**Data extract:**
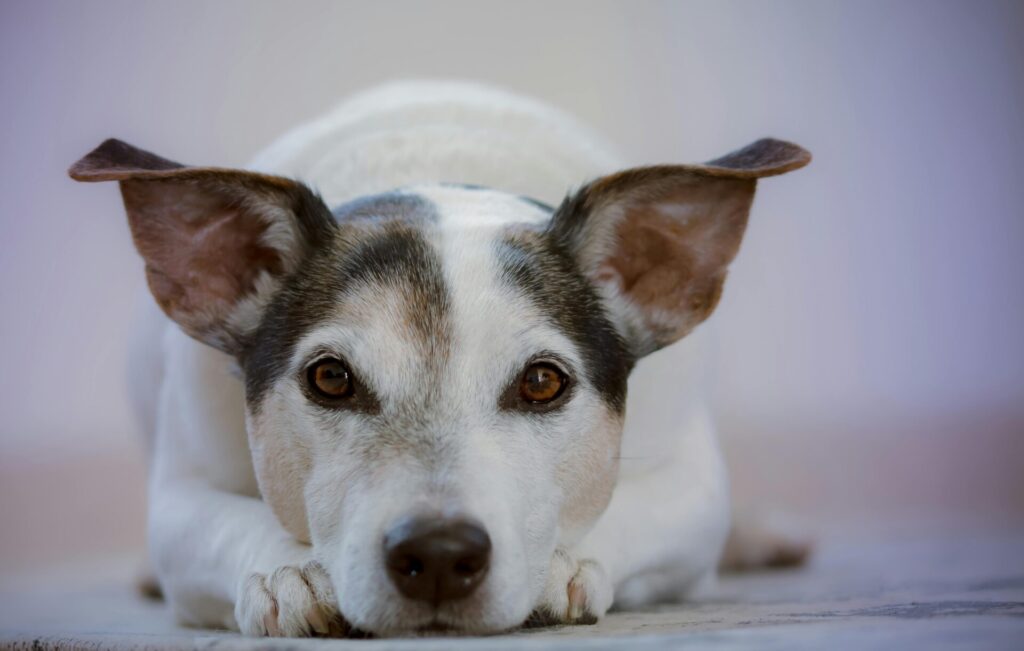 "Direct Line vs Petplan UK 2025"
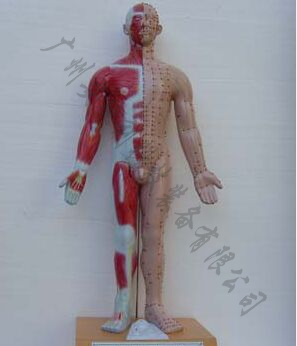 语音十四针灸模型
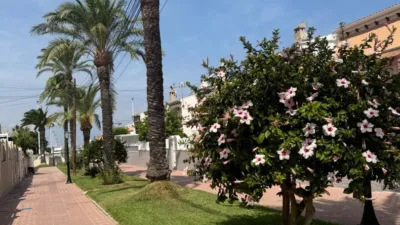 Casa – Santa Pola, Sierra Mar, Gran Alacant - Vista 5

**Task directions:** Retype the whole of the data verbatim. Skip every picture.

**Answer to this task:**
 "Direct Line vs Petplan UK 2025"
 语音十四针灸模型
 Casa – Santa Pola, Sierra Mar, Gran Alacant - Vista 5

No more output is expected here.